Outro ataque aos cofres federais foi promovido pela comissão especial no exame da MP 783, que oficializa um novo programa de regularização tributária, no estilo do velho Refis. Outra tentativa, com a MP 780, havia fracassado, porque o relator, deputado Newton Cardoso Jr., havia desfigurado o texto.
Depois de uma negociação com parlamentares, o governo mandou ao Congresso um segundo texto. Mas a relatoria foi entregue ao mesmo deputado, com efeito igualmente desastroso. O relatório aprovado na comissão especial concedeu enormes facilidades aos devedores, com redução de até 99% dos encargos. Se essa versão vigorar, a receita prevista de R$ 12,3 bilhões será na maior parte perdida.
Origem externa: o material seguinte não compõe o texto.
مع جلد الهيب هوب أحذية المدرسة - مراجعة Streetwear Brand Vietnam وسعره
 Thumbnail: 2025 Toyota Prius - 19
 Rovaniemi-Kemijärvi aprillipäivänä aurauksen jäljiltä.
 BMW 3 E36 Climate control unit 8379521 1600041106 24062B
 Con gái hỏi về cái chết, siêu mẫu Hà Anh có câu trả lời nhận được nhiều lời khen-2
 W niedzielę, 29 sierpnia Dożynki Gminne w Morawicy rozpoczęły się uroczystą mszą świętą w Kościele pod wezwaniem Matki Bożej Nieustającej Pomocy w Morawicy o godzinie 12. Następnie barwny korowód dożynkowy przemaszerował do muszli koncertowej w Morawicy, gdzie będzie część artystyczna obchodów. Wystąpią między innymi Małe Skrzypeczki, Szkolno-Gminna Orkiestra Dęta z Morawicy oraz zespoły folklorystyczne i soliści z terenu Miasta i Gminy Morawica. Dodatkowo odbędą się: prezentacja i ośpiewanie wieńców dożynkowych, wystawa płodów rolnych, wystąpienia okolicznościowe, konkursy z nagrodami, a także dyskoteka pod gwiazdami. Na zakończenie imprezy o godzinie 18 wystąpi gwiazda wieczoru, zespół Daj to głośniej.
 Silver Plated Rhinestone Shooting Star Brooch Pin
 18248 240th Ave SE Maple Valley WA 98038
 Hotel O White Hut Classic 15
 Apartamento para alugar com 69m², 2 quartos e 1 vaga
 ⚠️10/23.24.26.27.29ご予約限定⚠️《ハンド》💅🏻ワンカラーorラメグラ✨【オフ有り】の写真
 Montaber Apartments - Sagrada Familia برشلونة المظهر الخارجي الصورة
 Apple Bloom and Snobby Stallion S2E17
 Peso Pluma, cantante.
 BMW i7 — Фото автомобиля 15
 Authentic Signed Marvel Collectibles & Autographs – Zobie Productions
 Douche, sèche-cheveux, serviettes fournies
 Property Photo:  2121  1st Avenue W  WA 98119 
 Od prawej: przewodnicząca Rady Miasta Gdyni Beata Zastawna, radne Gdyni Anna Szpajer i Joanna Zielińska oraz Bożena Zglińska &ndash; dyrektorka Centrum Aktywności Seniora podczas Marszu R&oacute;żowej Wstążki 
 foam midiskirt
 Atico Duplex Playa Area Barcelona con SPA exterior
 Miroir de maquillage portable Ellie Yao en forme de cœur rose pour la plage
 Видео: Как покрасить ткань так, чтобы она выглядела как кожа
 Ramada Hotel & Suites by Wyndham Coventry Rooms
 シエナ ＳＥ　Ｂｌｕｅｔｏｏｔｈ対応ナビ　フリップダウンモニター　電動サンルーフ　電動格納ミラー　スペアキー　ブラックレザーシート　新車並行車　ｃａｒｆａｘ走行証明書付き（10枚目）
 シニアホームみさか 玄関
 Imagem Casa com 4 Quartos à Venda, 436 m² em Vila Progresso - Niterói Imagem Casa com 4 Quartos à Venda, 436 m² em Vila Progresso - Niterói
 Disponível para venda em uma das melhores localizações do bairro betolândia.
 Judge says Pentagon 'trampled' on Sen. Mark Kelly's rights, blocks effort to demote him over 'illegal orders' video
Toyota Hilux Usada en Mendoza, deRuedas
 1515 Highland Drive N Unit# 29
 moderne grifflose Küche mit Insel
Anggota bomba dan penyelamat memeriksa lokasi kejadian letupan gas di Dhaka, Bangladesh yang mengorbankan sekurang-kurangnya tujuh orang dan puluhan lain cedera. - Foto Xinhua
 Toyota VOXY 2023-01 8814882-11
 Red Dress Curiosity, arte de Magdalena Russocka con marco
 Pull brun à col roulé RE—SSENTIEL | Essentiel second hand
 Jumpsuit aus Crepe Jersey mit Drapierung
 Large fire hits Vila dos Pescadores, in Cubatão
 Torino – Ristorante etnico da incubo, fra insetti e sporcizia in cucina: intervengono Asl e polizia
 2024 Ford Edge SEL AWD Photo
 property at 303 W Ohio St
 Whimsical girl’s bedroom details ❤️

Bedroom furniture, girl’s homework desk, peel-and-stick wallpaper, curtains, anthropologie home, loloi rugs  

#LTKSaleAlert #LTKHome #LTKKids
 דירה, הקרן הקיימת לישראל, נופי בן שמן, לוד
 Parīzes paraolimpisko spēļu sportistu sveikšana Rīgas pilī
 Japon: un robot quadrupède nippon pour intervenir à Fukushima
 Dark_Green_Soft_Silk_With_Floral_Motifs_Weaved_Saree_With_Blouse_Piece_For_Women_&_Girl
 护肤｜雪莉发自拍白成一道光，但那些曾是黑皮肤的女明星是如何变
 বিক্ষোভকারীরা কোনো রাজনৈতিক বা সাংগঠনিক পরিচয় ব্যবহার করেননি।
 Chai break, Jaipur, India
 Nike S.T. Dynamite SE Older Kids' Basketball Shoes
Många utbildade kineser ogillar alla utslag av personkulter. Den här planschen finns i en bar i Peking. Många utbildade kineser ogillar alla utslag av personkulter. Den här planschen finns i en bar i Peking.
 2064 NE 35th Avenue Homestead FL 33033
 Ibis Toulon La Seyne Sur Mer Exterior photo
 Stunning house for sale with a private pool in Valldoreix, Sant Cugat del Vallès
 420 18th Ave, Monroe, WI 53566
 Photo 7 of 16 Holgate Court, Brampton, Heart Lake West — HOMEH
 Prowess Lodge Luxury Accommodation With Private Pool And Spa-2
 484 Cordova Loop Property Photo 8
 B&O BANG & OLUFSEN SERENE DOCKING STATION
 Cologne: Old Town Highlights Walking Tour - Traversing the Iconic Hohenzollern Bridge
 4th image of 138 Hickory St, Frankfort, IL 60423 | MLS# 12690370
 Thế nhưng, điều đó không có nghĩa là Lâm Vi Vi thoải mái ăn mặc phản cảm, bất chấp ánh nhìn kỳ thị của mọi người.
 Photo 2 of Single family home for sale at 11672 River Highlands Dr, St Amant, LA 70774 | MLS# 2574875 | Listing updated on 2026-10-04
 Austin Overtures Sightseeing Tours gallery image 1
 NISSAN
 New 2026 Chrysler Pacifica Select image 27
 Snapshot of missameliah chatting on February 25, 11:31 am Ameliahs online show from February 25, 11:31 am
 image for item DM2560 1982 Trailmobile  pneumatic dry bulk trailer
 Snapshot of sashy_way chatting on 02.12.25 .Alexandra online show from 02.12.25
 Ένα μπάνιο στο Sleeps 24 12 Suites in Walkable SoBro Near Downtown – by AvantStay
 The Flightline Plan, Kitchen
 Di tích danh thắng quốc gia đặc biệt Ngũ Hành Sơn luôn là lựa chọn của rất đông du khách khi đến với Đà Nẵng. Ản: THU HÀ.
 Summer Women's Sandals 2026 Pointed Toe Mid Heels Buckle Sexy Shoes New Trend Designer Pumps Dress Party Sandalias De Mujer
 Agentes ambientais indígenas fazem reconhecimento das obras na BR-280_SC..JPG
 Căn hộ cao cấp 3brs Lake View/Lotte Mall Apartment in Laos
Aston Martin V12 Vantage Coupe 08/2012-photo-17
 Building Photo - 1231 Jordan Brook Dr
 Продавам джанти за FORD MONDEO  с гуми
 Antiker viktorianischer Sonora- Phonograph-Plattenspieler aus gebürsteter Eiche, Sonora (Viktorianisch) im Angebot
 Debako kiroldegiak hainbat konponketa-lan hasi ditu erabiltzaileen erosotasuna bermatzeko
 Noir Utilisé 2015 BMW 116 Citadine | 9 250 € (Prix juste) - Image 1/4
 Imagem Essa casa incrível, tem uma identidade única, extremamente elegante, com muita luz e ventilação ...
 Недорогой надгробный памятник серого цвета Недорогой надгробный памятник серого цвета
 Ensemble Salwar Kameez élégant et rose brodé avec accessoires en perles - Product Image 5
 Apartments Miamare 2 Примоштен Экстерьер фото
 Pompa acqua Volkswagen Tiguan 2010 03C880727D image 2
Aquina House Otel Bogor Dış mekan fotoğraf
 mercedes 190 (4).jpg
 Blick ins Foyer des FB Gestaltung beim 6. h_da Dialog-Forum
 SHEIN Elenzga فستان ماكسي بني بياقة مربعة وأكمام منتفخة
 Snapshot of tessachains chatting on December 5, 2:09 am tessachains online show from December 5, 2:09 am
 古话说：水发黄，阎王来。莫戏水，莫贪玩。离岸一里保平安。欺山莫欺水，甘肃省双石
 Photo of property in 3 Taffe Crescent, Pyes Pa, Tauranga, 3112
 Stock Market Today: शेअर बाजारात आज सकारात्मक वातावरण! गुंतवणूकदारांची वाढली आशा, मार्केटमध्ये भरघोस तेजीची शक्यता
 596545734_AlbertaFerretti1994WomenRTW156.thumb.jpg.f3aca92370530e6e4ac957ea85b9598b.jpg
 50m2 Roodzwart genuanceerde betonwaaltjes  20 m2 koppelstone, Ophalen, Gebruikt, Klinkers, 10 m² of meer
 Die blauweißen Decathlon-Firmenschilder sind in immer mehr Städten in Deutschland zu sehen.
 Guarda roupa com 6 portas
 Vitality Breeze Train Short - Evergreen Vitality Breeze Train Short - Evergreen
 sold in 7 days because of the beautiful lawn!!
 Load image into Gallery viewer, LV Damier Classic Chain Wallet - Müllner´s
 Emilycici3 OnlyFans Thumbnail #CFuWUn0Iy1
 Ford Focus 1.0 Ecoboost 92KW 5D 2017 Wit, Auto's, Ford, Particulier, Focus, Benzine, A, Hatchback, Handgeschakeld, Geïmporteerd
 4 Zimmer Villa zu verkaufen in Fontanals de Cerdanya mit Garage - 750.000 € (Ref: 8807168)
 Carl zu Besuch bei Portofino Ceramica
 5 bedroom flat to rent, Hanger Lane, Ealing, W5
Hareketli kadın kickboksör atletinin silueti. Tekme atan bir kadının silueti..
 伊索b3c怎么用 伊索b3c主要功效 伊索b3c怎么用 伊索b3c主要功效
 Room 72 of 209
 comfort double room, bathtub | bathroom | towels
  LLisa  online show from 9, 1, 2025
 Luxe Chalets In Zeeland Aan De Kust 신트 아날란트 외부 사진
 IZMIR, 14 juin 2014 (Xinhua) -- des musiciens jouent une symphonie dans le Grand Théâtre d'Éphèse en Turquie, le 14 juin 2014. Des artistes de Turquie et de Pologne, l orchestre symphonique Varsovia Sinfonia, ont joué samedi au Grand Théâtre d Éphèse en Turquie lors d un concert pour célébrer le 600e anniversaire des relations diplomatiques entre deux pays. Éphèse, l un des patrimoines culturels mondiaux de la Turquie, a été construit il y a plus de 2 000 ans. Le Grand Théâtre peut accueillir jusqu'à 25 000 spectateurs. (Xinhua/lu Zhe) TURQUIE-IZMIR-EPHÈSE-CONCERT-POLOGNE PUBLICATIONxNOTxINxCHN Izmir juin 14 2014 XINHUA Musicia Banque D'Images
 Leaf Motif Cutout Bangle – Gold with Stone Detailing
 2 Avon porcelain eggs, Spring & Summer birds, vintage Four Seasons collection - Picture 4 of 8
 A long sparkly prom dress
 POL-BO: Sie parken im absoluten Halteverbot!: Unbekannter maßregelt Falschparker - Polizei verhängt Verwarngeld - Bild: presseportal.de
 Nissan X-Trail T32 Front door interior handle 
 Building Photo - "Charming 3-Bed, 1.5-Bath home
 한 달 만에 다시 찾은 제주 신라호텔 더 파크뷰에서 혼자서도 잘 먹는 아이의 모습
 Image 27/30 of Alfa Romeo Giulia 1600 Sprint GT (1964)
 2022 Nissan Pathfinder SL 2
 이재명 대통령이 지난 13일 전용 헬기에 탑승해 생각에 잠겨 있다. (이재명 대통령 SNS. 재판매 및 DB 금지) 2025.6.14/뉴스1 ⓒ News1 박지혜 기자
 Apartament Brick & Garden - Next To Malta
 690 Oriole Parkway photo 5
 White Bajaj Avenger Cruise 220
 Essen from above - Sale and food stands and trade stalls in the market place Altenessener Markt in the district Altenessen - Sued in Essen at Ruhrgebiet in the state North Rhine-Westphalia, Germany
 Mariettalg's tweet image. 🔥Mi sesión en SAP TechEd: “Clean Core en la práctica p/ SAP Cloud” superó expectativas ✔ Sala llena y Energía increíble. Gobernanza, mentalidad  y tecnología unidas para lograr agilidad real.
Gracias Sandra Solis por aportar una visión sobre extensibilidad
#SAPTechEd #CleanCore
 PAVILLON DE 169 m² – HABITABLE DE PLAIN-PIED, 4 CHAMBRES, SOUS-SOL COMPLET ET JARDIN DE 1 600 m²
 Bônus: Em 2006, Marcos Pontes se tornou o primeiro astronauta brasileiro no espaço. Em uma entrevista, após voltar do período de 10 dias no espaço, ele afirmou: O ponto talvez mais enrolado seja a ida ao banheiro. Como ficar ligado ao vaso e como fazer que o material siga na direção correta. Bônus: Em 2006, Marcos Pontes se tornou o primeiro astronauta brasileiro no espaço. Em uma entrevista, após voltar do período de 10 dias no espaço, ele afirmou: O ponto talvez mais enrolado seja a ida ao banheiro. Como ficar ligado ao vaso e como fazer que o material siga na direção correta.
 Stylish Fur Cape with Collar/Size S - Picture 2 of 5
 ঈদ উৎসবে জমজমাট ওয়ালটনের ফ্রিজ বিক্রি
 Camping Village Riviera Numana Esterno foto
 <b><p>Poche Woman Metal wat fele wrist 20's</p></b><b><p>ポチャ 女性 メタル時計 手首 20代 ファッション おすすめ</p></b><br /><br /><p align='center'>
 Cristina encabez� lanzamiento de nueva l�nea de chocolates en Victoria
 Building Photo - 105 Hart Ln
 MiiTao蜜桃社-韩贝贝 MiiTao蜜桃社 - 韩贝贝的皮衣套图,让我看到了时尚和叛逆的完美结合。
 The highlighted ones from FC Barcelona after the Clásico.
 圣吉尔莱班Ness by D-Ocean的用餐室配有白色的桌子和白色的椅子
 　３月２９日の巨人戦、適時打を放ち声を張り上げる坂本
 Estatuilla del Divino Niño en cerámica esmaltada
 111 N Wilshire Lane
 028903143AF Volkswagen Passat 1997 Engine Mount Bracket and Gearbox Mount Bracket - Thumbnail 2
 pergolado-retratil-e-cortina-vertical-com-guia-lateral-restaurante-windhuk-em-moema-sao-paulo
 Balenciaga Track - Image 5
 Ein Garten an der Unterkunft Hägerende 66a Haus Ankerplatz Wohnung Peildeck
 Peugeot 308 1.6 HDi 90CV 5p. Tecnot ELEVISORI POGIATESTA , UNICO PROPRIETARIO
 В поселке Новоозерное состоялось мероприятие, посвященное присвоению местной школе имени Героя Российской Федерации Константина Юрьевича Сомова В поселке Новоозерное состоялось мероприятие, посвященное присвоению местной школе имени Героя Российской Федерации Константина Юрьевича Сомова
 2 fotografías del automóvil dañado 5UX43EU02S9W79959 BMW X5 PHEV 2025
A solução realmente buscada pelo governo vai muito além da aprovação. O objetivo é a consagração de um novo relatório, parecido com o texto original. O ministro da Fazenda confirmou esse esforço.
Nos dois casos, da MP 774 e da MP 783, congressistas deram prioridade a objetivos injustificáveis. A ação mais assustadora foi a deformação da MP do Refis, em benefício, para começar, de parlamentares – como o relator na comissão especial – com participação em empresas devedoras do Fisco. Mesmo sem o aspecto escandaloso, decisões desse tipo estão longe de ser excepcionais. Parlamentares agem frequentemente como se fossem isentos de toda responsabilidade em relação às finanças públicas. Se esse fosse o caso, nada justificaria a participação dos congressistas na discussão e na aprovação do Orçamento.
O presidente Michel Temer dependerá, no entanto, da parceria com grande número de congressistas, incluídos os deformadores das MP 774 e 783, para tentar a aprovação da reforma da Previdência e, além disso, salvar alguns bilhões em receitas especiais. Serão novos testes para seu poder e sua capacidade negociadora.